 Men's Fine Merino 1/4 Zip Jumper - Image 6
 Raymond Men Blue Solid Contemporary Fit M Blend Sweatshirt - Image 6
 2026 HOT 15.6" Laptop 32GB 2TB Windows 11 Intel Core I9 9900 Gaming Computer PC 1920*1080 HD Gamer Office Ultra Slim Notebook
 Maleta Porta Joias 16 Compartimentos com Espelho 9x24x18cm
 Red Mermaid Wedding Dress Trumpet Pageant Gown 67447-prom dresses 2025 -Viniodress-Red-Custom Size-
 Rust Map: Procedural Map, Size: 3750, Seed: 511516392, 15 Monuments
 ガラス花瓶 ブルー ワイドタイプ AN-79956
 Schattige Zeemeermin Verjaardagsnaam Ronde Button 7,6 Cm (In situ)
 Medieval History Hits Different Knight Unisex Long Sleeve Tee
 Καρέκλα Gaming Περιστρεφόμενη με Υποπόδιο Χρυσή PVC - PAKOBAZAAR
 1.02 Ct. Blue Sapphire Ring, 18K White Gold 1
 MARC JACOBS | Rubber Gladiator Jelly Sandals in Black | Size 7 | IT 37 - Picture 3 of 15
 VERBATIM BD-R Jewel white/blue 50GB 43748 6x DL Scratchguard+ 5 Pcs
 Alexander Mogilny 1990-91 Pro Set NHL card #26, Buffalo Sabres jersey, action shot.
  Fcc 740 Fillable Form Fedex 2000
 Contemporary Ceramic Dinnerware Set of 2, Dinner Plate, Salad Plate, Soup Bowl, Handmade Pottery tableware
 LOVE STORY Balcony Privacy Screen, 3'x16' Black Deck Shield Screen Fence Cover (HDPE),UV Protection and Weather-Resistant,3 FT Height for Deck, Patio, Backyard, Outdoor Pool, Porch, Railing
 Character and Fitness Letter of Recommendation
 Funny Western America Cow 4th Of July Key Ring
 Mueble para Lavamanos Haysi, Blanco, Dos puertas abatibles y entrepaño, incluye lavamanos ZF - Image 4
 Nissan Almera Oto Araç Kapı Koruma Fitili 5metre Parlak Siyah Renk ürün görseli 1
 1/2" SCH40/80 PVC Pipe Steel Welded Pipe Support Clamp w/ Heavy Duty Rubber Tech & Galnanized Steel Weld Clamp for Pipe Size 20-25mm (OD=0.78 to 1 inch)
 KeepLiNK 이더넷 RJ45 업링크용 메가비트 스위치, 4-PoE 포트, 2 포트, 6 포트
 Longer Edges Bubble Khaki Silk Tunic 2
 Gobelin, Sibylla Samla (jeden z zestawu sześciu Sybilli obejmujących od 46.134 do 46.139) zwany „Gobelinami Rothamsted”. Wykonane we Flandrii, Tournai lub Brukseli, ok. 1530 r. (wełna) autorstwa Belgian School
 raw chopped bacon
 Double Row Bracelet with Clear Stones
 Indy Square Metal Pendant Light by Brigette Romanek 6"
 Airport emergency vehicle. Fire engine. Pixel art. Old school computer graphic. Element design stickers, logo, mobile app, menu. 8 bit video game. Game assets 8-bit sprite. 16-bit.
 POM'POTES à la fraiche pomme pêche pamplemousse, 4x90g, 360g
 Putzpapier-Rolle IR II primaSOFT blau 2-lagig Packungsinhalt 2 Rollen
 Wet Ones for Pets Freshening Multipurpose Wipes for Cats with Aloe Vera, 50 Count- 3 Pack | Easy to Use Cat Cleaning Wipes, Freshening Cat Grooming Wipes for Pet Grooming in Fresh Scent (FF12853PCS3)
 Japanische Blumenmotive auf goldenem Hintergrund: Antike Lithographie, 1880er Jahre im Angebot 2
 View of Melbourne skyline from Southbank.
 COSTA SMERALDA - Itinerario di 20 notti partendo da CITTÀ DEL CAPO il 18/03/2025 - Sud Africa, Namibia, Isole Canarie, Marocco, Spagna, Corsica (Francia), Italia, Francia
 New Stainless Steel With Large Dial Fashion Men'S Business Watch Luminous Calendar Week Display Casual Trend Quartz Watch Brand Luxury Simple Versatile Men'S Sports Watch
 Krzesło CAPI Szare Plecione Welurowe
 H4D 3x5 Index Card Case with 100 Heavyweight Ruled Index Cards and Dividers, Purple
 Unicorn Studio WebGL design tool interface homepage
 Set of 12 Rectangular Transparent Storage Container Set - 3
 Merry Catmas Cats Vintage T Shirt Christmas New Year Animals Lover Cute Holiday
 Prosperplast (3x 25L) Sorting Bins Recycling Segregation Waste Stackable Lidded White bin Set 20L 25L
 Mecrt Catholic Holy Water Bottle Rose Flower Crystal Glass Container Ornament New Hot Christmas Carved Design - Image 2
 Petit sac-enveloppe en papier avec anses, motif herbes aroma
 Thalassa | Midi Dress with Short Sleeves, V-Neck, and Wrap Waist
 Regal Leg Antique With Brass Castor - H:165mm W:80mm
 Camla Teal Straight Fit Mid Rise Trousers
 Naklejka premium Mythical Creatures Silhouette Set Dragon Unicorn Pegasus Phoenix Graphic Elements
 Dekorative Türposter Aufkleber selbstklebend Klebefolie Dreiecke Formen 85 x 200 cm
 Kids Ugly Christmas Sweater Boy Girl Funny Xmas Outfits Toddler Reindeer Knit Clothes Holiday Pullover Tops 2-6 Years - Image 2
____
Task objective: In the listing above, reproduce the first line and each one after it through the line that contains "Fcc 740 Fillable Form Fedex 2000".

Solution to this problem:
 Men's Fine Merino 1/4 Zip Jumper - Image 6
 Raymond Men Blue Solid Contemporary Fit M Blend Sweatshirt - Image 6
 2026 HOT 15.6" Laptop 32GB 2TB Windows 11 Intel Core I9 9900 Gaming Computer PC 1920*1080 HD Gamer Office Ultra Slim Notebook
 Maleta Porta Joias 16 Compartimentos com Espelho 9x24x18cm
 Red Mermaid Wedding Dress Trumpet Pageant Gown 67447-prom dresses 2025 -Viniodress-Red-Custom Size-
 Rust Map: Procedural Map, Size: 3750, Seed: 511516392, 15 Monuments
 ガラス花瓶 ブルー ワイドタイプ AN-79956
 Schattige Zeemeermin Verjaardagsnaam Ronde Button 7,6 Cm (In situ)
 Medieval History Hits Different Knight Unisex Long Sleeve Tee
 Καρέκλα Gaming Περιστρεφόμενη με Υποπόδιο Χρυσή PVC - PAKOBAZAAR
 1.02 Ct. Blue Sapphire Ring, 18K White Gold 1
 MARC JACOBS | Rubber Gladiator Jelly Sandals in Black | Size 7 | IT 37 - Picture 3 of 15
 VERBATIM BD-R Jewel white/blue 50GB 43748 6x DL Scratchguard+ 5 Pcs
 Alexander Mogilny 1990-91 Pro Set NHL card #26, Buffalo Sabres jersey, action shot.
  Fcc 740 Fillable Form Fedex 2000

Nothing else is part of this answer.